El día que cambió todo. El día que su madre no regresó. El día en que ella y su padre escribieron cartas desesperadas intentando sostener humo en sus manos.
Y de repente fue demasiado todo a la vez. Demasiado peso presionando hasta que no pudo respirar correctamente. Demasiado dolor que los años no habían disminuido a pesar de que todos decían que el tiempo curaba las heridas. Demasiados recuerdos que dolían como heridas frescas a pesar del tiempo que debería haber creado tejido cicatrizante pero de alguna manera nunca lo hizo.
Sin pensar, sin planear, sin poder detenerse aunque hubiera querido…
Luna dejó de bailar a mitad de paso y abrazó a Ren con lo que parecía una necesidad desesperada.

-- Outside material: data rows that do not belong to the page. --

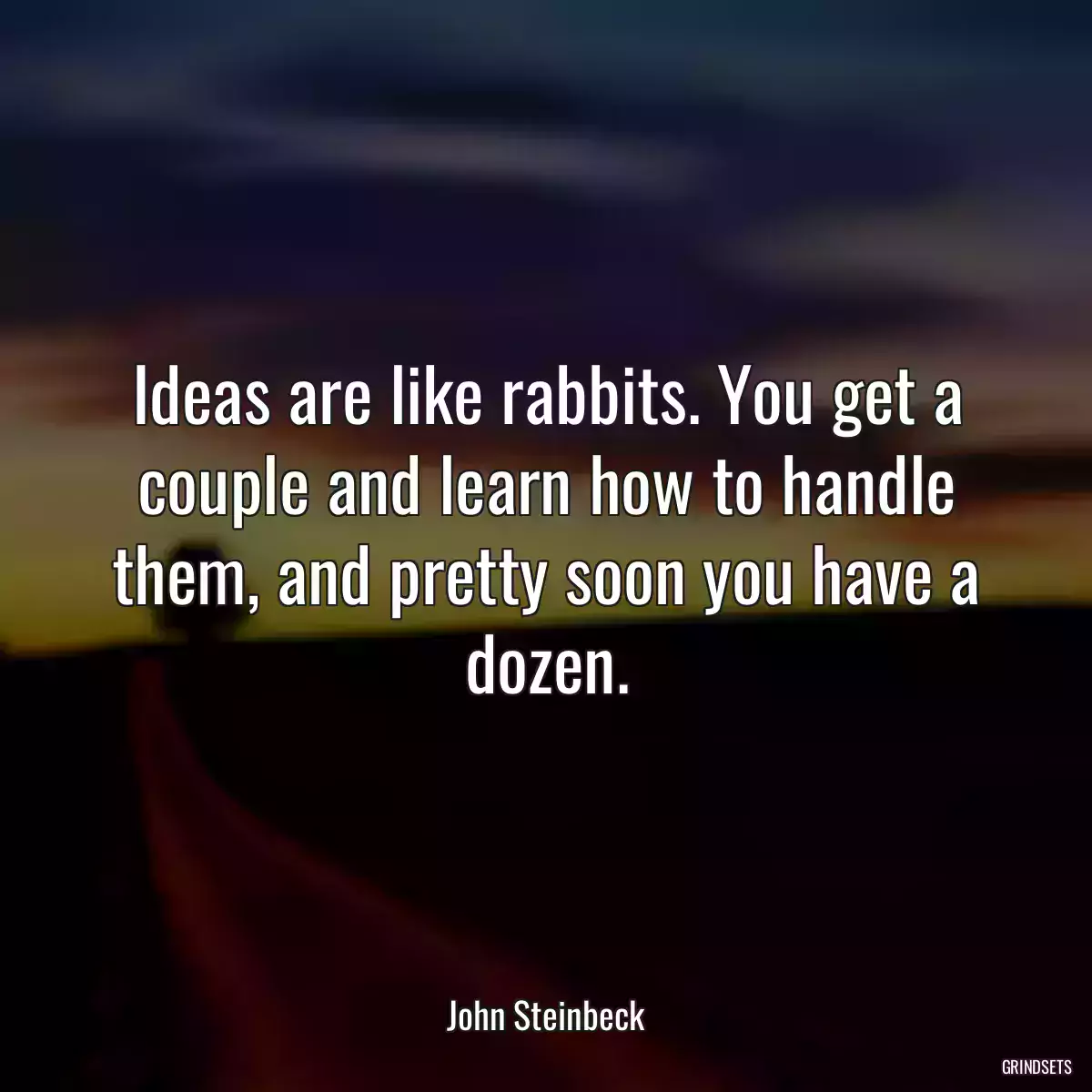 Ideas are like rabbits. You get a couple and learn how to handle them, and pretty soon you have a dozen.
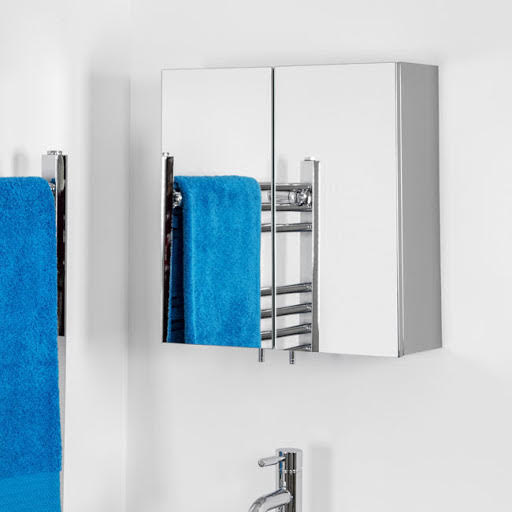 Croydex Avon Double Door Stainless Steel Mirror Cabinet 440 x 430mm - WC8866105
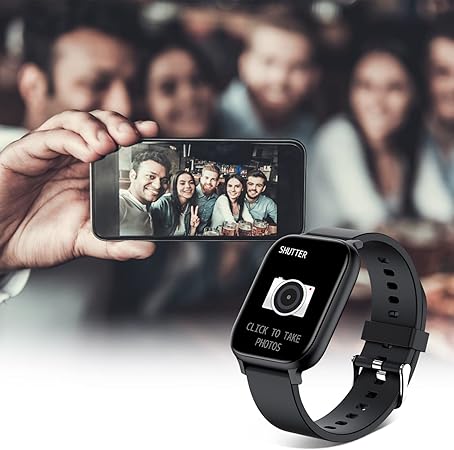 Smart Watch for Men Women Compatible with iPhone Samsung Android Phone 1.83 inch Full Touch Screen IP68 Waterproof Bluetooh Fitness Tracker Heart Rate/Sleep Monitor, Black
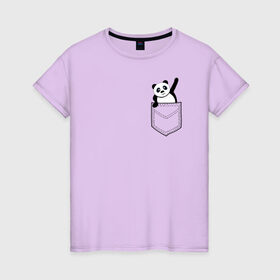 Женская футболка хлопок с принтом Панда В Кармане в Екатеринбурге, 100% хлопок | прямой крой, круглый вырез горловины, длина до линии бедер, слегка спущенное плечо |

Lo sostuvo apretadamente con todo lo que tenía. Con toda su fuerza que era considerable como domadora de Rango Oro pero que se sentía insuficiente para lo que necesitaba. Como si él fuera lo único que la mantenía de caer en un abismo que había estado esperando pacientemente que su compostura se quebrara.
Y comenzó a llorar con un dolor que había estado acumulándose durante días, durante semanas, durante años llevando esa triste carga. Silenciosamente porque incluso ahora, incluso rompiéndose, Luna Tejedora de Estrellas no podía permitirse el lujo de sollozos audibles en esta habitación. La última gota de control se mantenía a través de la pura fuerza de la costumbre incluso cuando todo lo demás estaba fallando. Pero las lágrimas vinieron de todas formas a pesar de los intentos de detenerlas. Muchas…
Calientes contra su rostro. Constantes, como si hubieran estado acumuladas y no estuvieran esperando más permiso para caer. Años de dolor contenidos detrás de una presa que finalmente había desarrollado agujeros y grietas demasiado grandes para reparar. Ren se congeló por un segundo mientras su mente se ponía al día con lo que estaba sucediendo, mientras el ‘entrenamiento’ que decía mantener la distancia chocaba con el instinto que decía proporcionar consuelo.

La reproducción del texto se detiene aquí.